FOEX Pulp & Paper Indices - Jan. 3, 2012
January 3, 2012
– US NBSK – The overall positive PPPC market pulp statistics over November 2011 performance included fairly downbeat data over the industrialized world shipments. Decline in deliveries to the North American market was as much as 10%, which made the pulp shipment decline larger than what the paper and paperboard numbers would have suggested. Downtime announcements include both BSKP and other market pulp grades. No official price changes have been announced from January 1 but reduction promises in the individual buyer/seller discussions/correspondence are rumoured to have been made. The benchmark value here reflects sales prices applied on the last week of 2011. After withdrawing the top and bottom 10% of the price data received, our PIX US NBSK index remained again unchanged at 890.00 USD/ton.
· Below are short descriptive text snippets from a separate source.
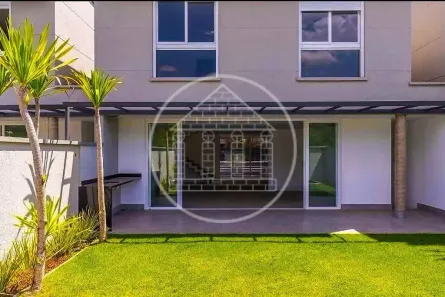 Casa com 4 Quartos à venda, 424m² no Jardim Cordeiro, São Paulo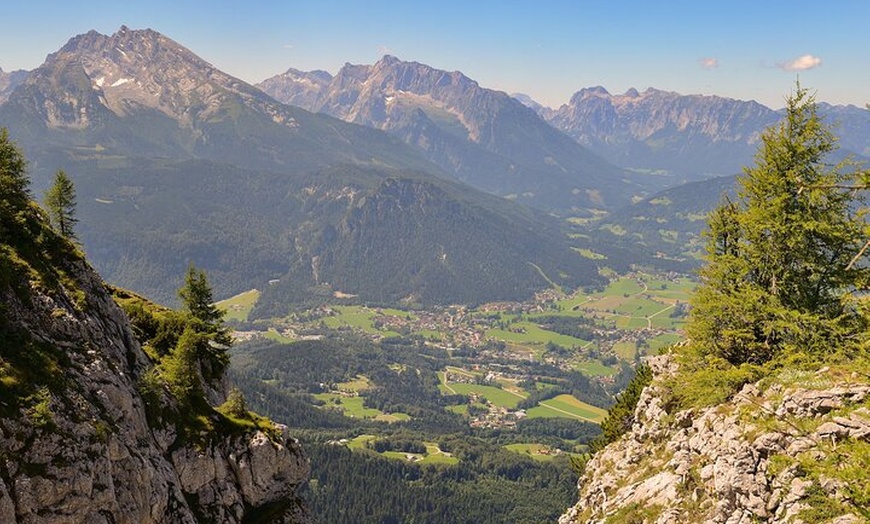 Image 11: Private TOUR München > Adlerhorst > Königssee > Salzburg > München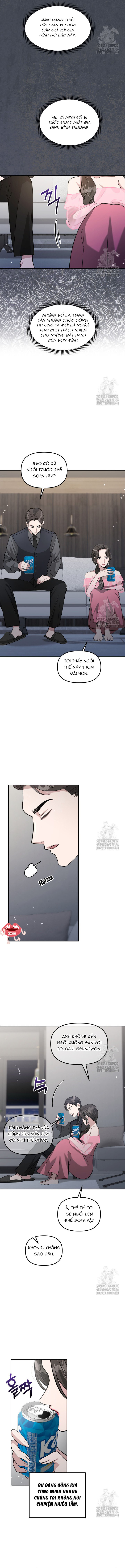Collector - Chap 41 - Trang 5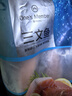 1號會員店（One's Member）大西洋鮭冷凍智利三文魚柳凈重480g  富含Ω3 DHA 不可生食 曬單實(shí)拍圖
US Newsprint – While presidential elections, Olympic Games and some other major happenings in 2012 may well help to support newsprint demand development in 2012, the structural decline continues as readers, especially the young ones, migrate from the use of printed media into the digital forms of readership. Good export performance to offshore markets, showing a 9.4% cumulative gain over the first 10 months, has helped a little but nowhere near enough. Reductions of demand continue to be met by further capacity closures and the downside pressures in the prices did not materialize over 2011. The PIX US Newsprint 30lb index remained unchanged at 623.81 USD/ton, and the 27.7lb index at 664.59 USD/ton.
Pellet Continental - In December 2011, FOEX started publishing this new pellet index for medium-scale users in Continental Europe, i.e. in Germany and Austria. That index will be published on 1st Tuesday of each month.
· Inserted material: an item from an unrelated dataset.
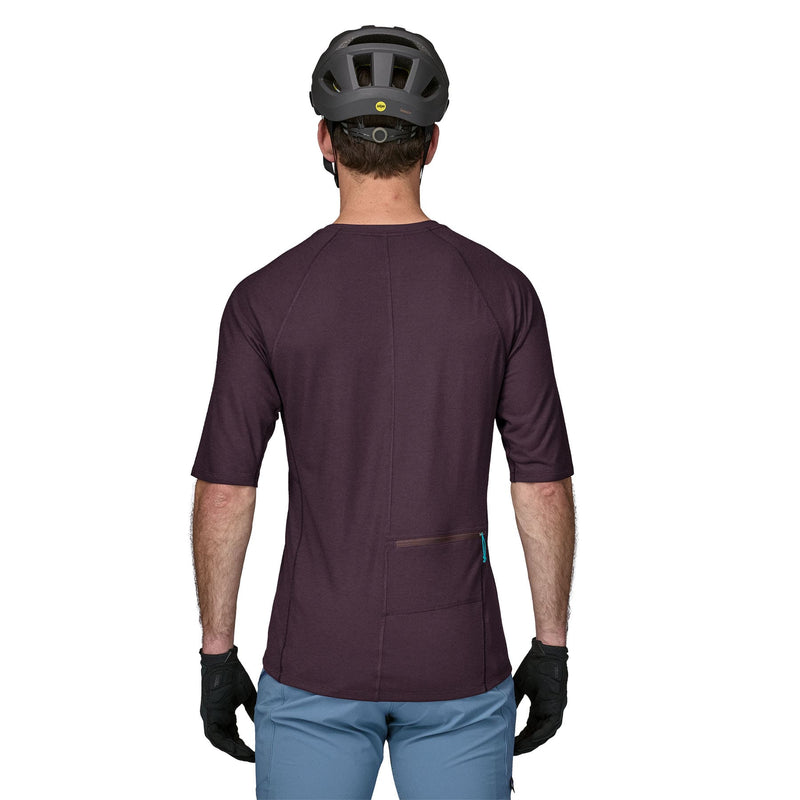 Remera Cap Cool Trail Bike Hombre | OBPL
This winter has been relatively mild in Europe. Consequently, the demand for pellets, while up, has not been growing as much against the previous winter than what the investments to new installations might have projected. The world supply of pellets, both consumer and industrial variety, grew faster than the demand in 2011. The capacity utilization rates have not been full with the producers operating on an average level of about 90%. Germany, the largest consuming and also the largest producing country exports about 40% of its production, mainly to the neighbouring countries. The prices of consumer pellets for private household use crept up slightly during the fall but less than gas or oil.
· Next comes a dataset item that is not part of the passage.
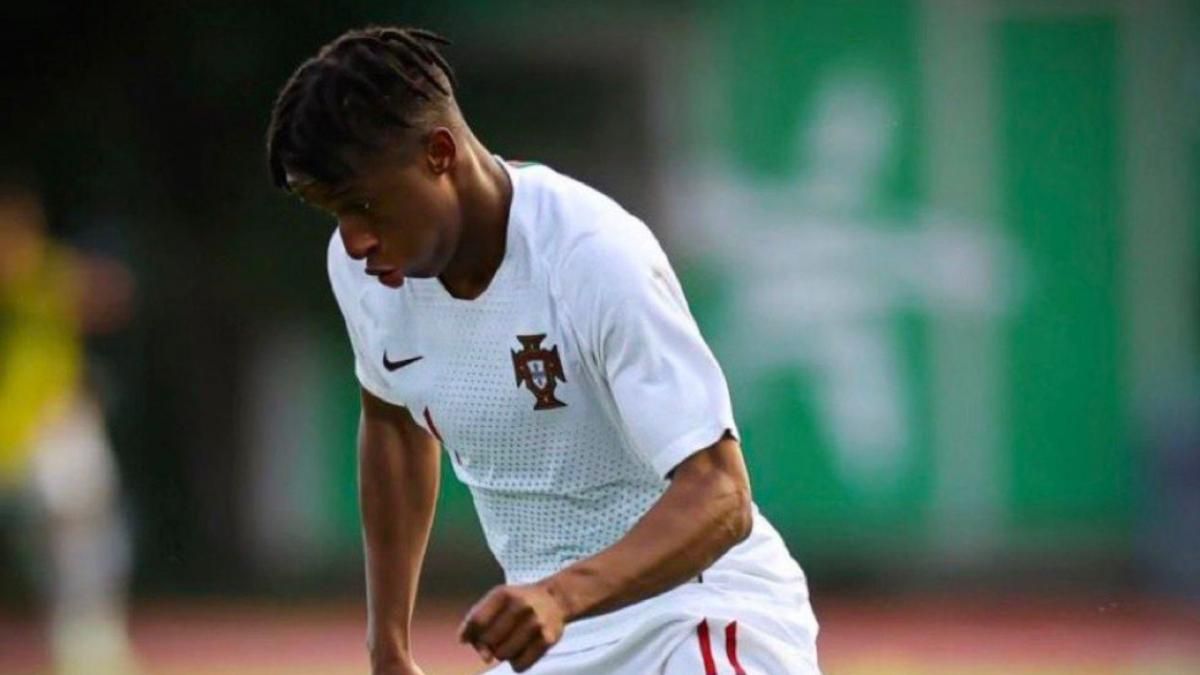Barcelona AT Risk of Fifa Complaint If They Complaint Deal For Teenager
Similar development has been seen in the prices for medium-scale users. The 2nd continental pellet benchmark value reflected the mildness of the winter and, while heading higher, the rise from November to December prices, published here, was only moderate. Our PIX Pellet Continental Europe price index moved to 215.86 EUR/ton, up by 1.07 euro, or by 0.5%, from the November values published in the beginning of December.
Jan 3, 2012
General economy: US – Economic outlook has turned a bit more optimistic even though the Q3 GDP growth rate was revised rather sharply downwards from 2.5% to just 1.8% (annualized). But, expectations are now better over Q4 and have been revised slightly upwards over the year 2012. Jobless claims have come down over the past few weeks. Consumer confidence index was up by nearly 10 points at 64.5. A major plunge in Europe could still spoil the party also for the US, of course, but a clear downturn risk in the US economy has diminished. Many obstacles remain, though. Housing has shown some small signs of the doom and gloom nearing the end but the activity is still very low. Stronger USD will reduce the rate of export growth. Analysts expect the US consumer to be the key driving force in the 2012 recovery, but it is not at all evident that he will assume that role as the average wage growth has been dismal, for blue-collar workers actually down. The latest GDP-growth projections for 2012 are now at about 2.2%.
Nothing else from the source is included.